As I mentioned in Part One of this blog thread, I attended The Oxford Internet Institute’s Summer Doctoral Programme and had the opportunity to hear from research fellow and Digital Humanities (DH) specialist Dr. Kathryn Eccles.
The second part of Kathryn’s presentation was about a 2011 study that she and her team conducted: “Reinventing Research? Information Practices in the Humanities.” This study consisted of six case studies and attempted to understand how scholars’ methods have changed because of digital resources. In particular, they were attempting to discover if the fear of “Googleopoly” (or that research is just becoming Googling) was based in actual practices and if consequently people are becoming lazier due to digitization initiatives. Here are some of their general findings:
- 79% of their sample of scholars use Google
- 66% use Google Scholar
- 59% visit libraries
- 55% browse materials online
- 62% search library materials
- 83% use the citation chain method
- 95% consult peers/experts
Their findings seem to ease some fears that digitized materials will lead to lazier and less social scholars (see unnecessarily apocalyptic pieces such as Marche’s “Literature is not data: Against Digital Humanities”). Almost all of their sample still speak with other researchers and over half still visit libraries.
Social interaction is also born out of crowdsourcing, and Kathryn cited crowdsourcing as an integral part of maintaining successful digital initiatives in many DH scenarios. Some key themes Kathryn highlighted:
- public interaction
- agency and well-being
For example, Kathryn and her team found that the taggers in crowdsourced, “museums without walls” projects:
- visited museums and galleries more often
- gained a new awareness of institutions and collections
- gained more confidence in visiting and viewing exhibitions and art
- improved language because of exposure
- became positively distracted from traumatic life events, harmful behaviors, and unemployment
In sum, Kathryn and her team argue that DH is an important academic addition for a plethora of reasons:
- multidisciplinary focus and therefore better argued and valued knowledge
- more fluid boundaries between fields
- a real impact that can be studied, both qualitatively and quantitatively
- added social interaction that leads to scholars working less by themselves and, consequently, learning more
- crowdsourcing and public engagement
- cultural heritage and well-being
Kathryn also noted that as DH scholars we need to ensure that we remain conceptual, reflexive, and philosophical. We can’t just rely on libraries and IT. There are already journals and conferences dedicated to DH topics, and we need to continue to build scholarly networks.

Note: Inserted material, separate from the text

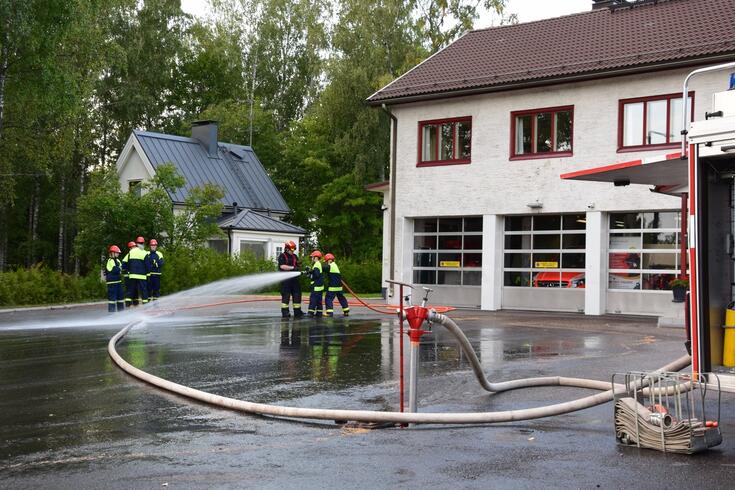 Palokunnan nuoret harjoittelevat toimitilojen pihalla. Sammutusletku on vedetty paloautosta ulos ja vanhempi palomies johtaa toimintaa. Taustalla näkyvissä kolme autotallia, joissa ajoneuvokalustoa. Puistolan Vapaaehtoinen Palokunta r.y. (Asema 53) toimii Helsingin kaupungin pelastuslaitoksen alaisena sopimuspalokuntana.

Inevitably, some questions arose in our discussion including, “do you have to know how to use tools?” and “do you have to build things?” Researchers are especially concerned with areas such as access to software and additional time beyond their usual reading, writing, and so on. The argument made was that all DH scholars do not need to know how to code. “Think about all of the computer scientists who have never had liberal arts training!” many participants added.
I, on the other hand, have to disagree with these claims. I believe that all DH scholars should have at least introductory coding and building knowledge. I don’t mean to imply that scholars need to actually code or build huge projects themselves, but a working knowledge is necessary. If you are blind to how tools and coding structures work, you are at a serious disadvantage. Additionally, not everyone has the resources to hire computer scientists to aid them in their DH research.
Those who have to work on their own, or at least without programmers or computer scientists, will very quickly find that pre-made tools often can just not give them the data they desire. I have fallen into this problem myself; I basically taught myself introductory Ruby so that I could scrape Twitter data that would actually give me telling findings. I plan on learning “R” in the near future.
An introductory understanding is pertinent for the future in general as well. If more of our lives begin to exist in digital spaces, I think it only makes sense to have a better understanding of digital spaces.
I leave you with some great readings that Kathryn suggested:
Stephen Marche, Literature is Not Data: Against Digital Humanities. Los Angeles Review of Books, October 2012. http://lareviewofbooks.org/essay/literature-is-not-data-against-digital-humanities
David M. Berry (ed.) Understanding Digital Humanities, (Palgrave 2012), Introduction.
Andrew Prescott, ‘Consumers, Creators or Commentators? Problems of Audience and Mission in the Digital Humanities’, in Arts and Humanities in Higher Education: An International Journal of Theory, Research and Practice (Sage, 2012).